With Marriott’s new loyalty program now in effect, many of us are still trying to make sense of it all. As of yesterday, many accounts were still in disarray, and even when I called to make adjustments to existing reservations, things weren’t going so smoothly. The associate was very friendly, calm and collective, but I did feel bad for her trying to make head or tells of a system that wasn’t working the way it should. But beyond the basics, many of us are still trying to make sense of how things will work going forward. Marriott, after all, hasn’t been as forthcoming as many would like. Slowly, by slowly, though, we’ll figure things out. Case in point, how earning Elite status works under the new program.
Earning Elite Status 101
Now, for existing Marriott Rewards members, things aren’t so different than they were before. Yes, there are new tier levels, and Gold is now just a big a joke as Silver; but status is still earned based on the number of Elite Qualifying Nights (EQN) you accumulate during the calendar year. And, as has been the case for some time now, EQNs include those earned via stays, credit card spend (Marriott Premier Visa only), rollovers (RIP), Rewarding Events, etc.
For example, the above is what my 2018 earnings look like thus far. As you can see, the bulk of my EQNs came from credit card spend, though I do have a number of stays coming up throughout the rest of the year. But, as I was looking over my account on the new system, I noticed this:
Not All EQNs are Equal
Apparently, not all EQNs when it comes to earning Marriott’s top-tier status. As the graphic above shows, only nights spent in bed at a Marriott property count towards Ambassador status. And, you know what? I have no problem with that. It should be for those actually spending that many nights annually on the road to reward those that deserve it most. So long as the restriction only applies towards earning Ambassador status, which it should. After all, even the new Marriott Rewards credit cards are marketed as providing 15 EQNs to help you achieve status faster.

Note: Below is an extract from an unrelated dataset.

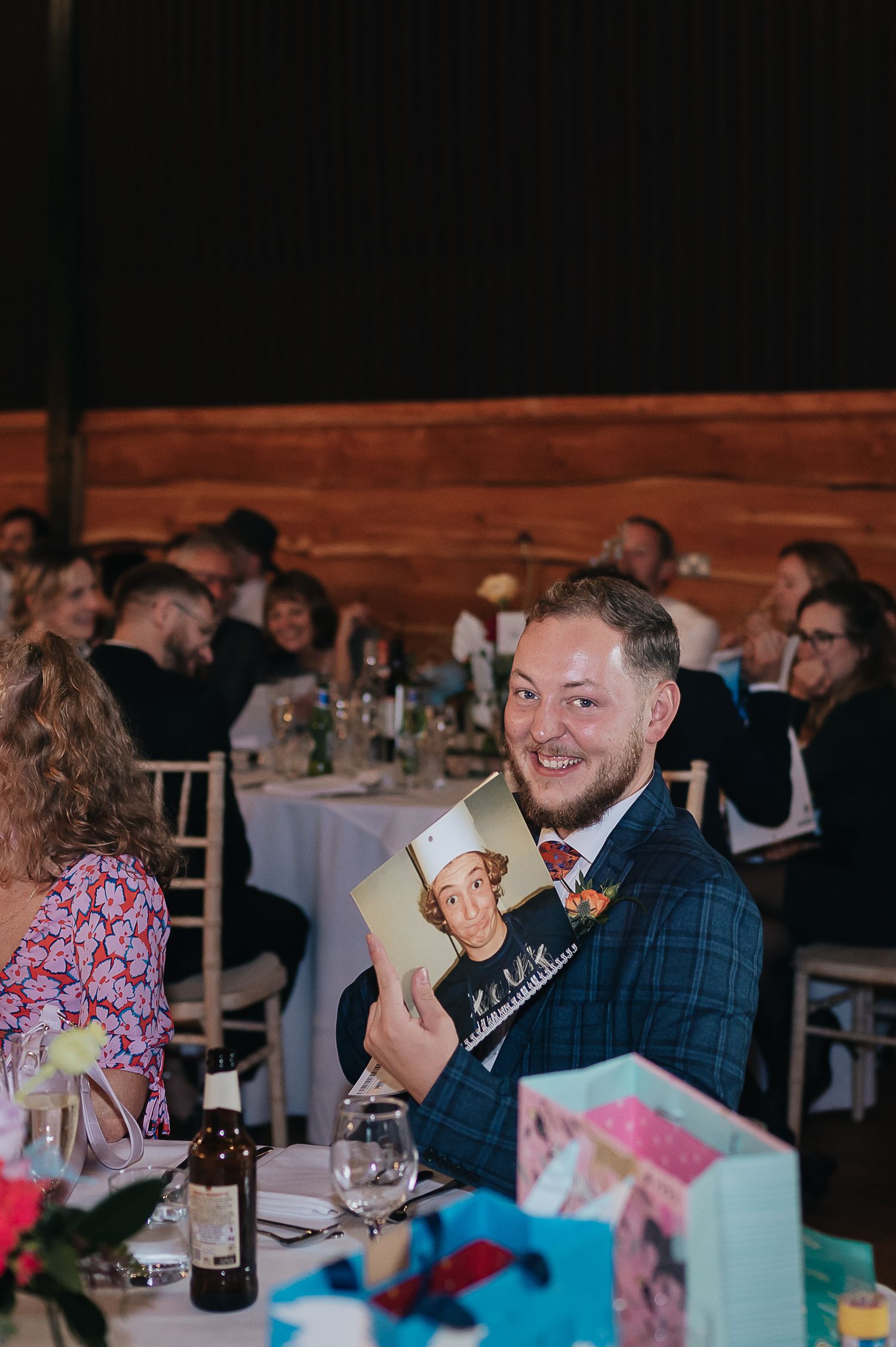 A wedding guest smiling while holding up a card during the reception dinner.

Earning Marriott Rewards Ambassador Status is Different, Final Thoughts
Again, I have no issue with the way Marriott is handling qualifications for its Ambassador status and even applaud them for it. I’m happy with being just a Platinum Elite and am hoping I’ll be able to achieve Lifetime Platinum Elite (LTP). Once my accounts combine, I should automatically become Lifetime Gold, so I’ll only need to earn 200 more nights and maintain status for two more years to achieve my goal. That, however, is contingent on the Marriott Rewards Premier Visa maintaining its EQN earning benefit. If that ability is taken away, well then I’ll likely never achieve LTP status. And that, my friends, is when I’ll take my business elsewhere for sure. But for now, I’ll continue to chug away.